18 sept. 2018

Dancing in Madrid

The thought of dancing in Spain fills most people’s imaginations with brightly dressed flamenco dancers and sultry salsa in dimly lit clubs. Amazing, but not something the average person can participate in other than as an enthusiastic spectator.

I was lucky enough to discover another side of dancing in Madrid at the Madrid Dance Center – a modern facility near Retiro (a few minutes walk from the Principe de Vergara metro) offering a range of classes including jazz, tap, contemporary, salsa, ballet, tango, and even pilates.

I took a contemporary dance class last week from an impressive instructor – Stephane – who spoke Spanish, French, and English. The class had only three other people in it and I was by far the least talented dancer, but I enjoyed every bit of it and loved the challenge of moving my body and trying to keep up with the choreography!

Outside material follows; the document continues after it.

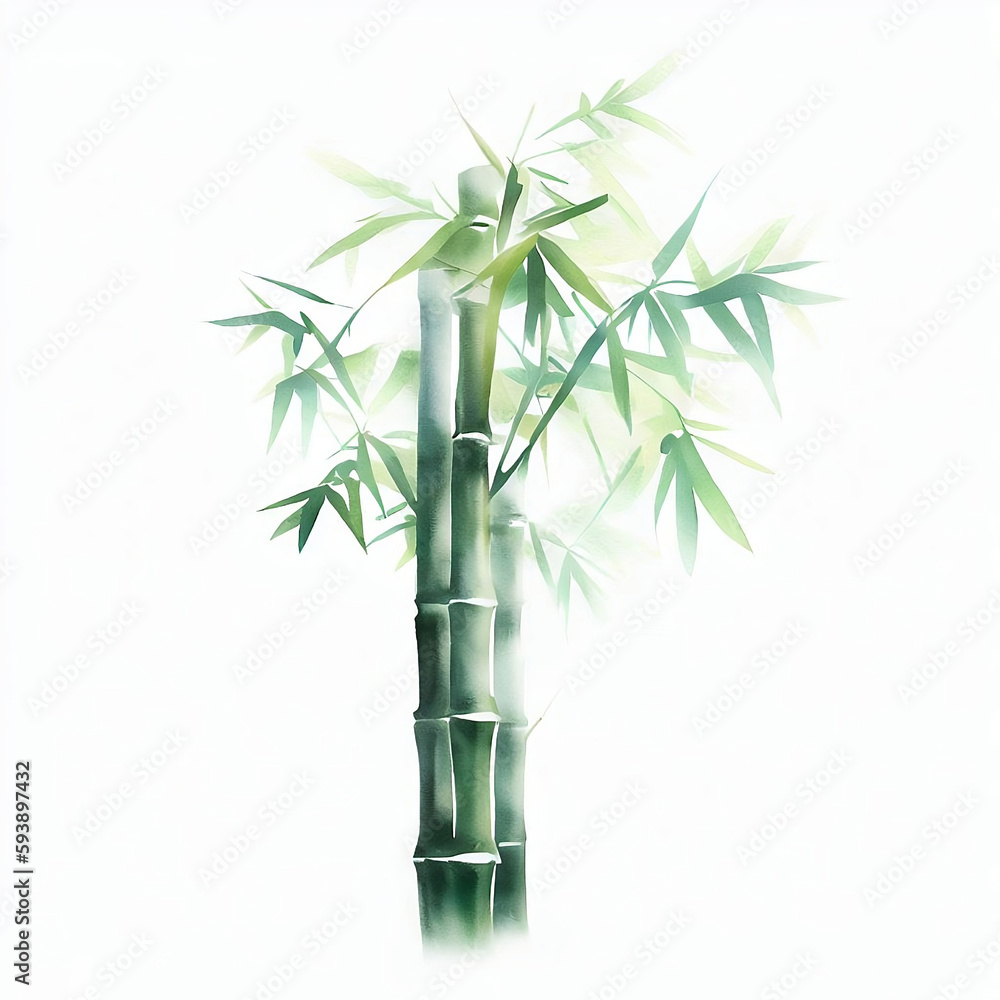 Fototapeta premium Watercolor style painting Generative AI with high detail on a white background. Water color bamboo with green leaves. traditional Chinese painting.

The best way to get started is to check out their class schedule – horario general on the website under actividades y precios – which changes each month, and decide what you’re interested in taking and how often you’d like to go. Then you can walk in and sign up any time.

I highly recommend trying out a class and taking advantage of the discount being offered. Happy dancing!

Madrid Dance Center

www.madriddancecenter.es

914 355 981

Calle del Doctor Castelo 7, 28009

13 sept. 2018

Being Streetsmart in Madrid

In the past we’ve written posts about the metro, buses and train systems here, but after living in Madrid for almost a year you start to catch on to a couple of things here. (yeah, I know it took me a year, I’m a slow learner) Here’s just a couple of things to keep in mind when riding Madrid’s public transit system.

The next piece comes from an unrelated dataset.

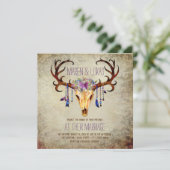 Invitation Crâne de Cerf avec Bois Rustique Mariage Campagnar (Debout devant)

As you are waiting on the platform, the metro trains come from your right to your left, not the other way around as on most other cities’s metros I’ve been on. I learned this one night by accidentally going up and around to the other side of the platform because I thought the train was coming from the wrong direction, it ended up costing me and extra 15 mins to wait for the next train. (they run less frequently after 11pm) There are a few exceptions, though, at the Charmatin stop which is connected with the Renfe depending on how you exit the train station you could end up in the middle platform on the metro and thus it could come on your right.

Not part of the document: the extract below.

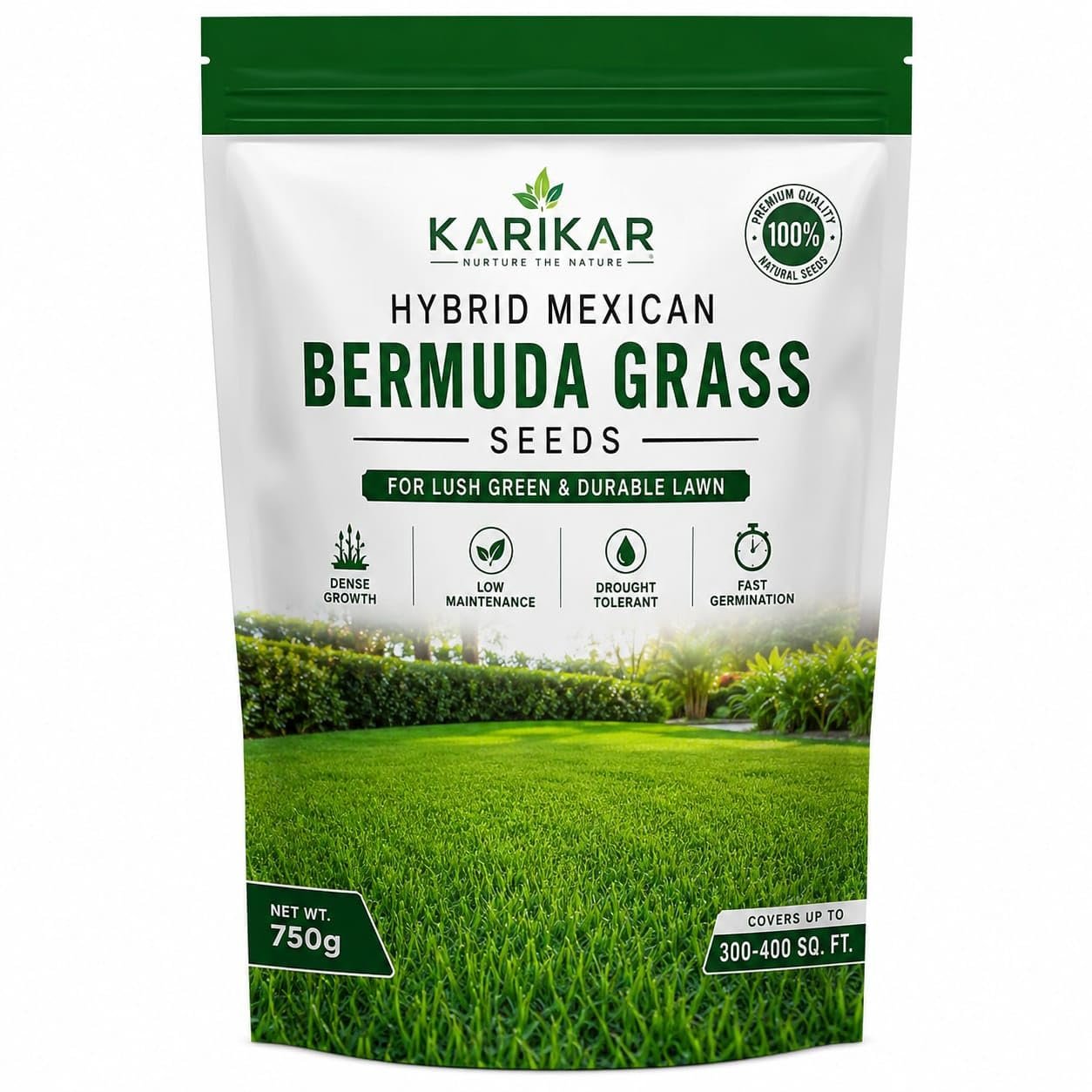 KARIKAR Hybrid Mexican Bermuda Grass Seeds,Dense Growth, Drought Tolerant, Fast Germination, Low Maintenance (1.5 KG)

There’s also a couple of lessons I learned on the bus. One is you enter through the front door, and always exit the back door, even if no one is getting on. (this is strictly enforced and mentioned on their website) A friend of ours also mentioned that if you carry a stroller on, you must be in the cut out section to the side, or also reserved for wheelchairs. She didn’t know and sat in a seat with the stroller in the aisle, and ended up holding the bus up until she was able to move back to the appropriate section. Also, make sure you hit the stop button for your stop or promixa parada, immediately after they make the preceding stop. Otherwise, they will blow right by your stop, my husband has had to learn this a couple of times. As the bus arrives, especially at the smaller stops, you have to flag the driver down, just as if you are trying to hail a cab.



Also when walking to all the stops be mindful that drivers here turn (whether legal or not) right on red, so even if you have the walk sign there may be a car that crosses in front of you. Jaywalking is tolerated here, but I wouldn’t recommend it when you are crossing at a large roundabout, I’ve seen two many people cross early and get caught in the middle of the street without a median.X

Good luck and safe travels whether by on foot, bus, or metro.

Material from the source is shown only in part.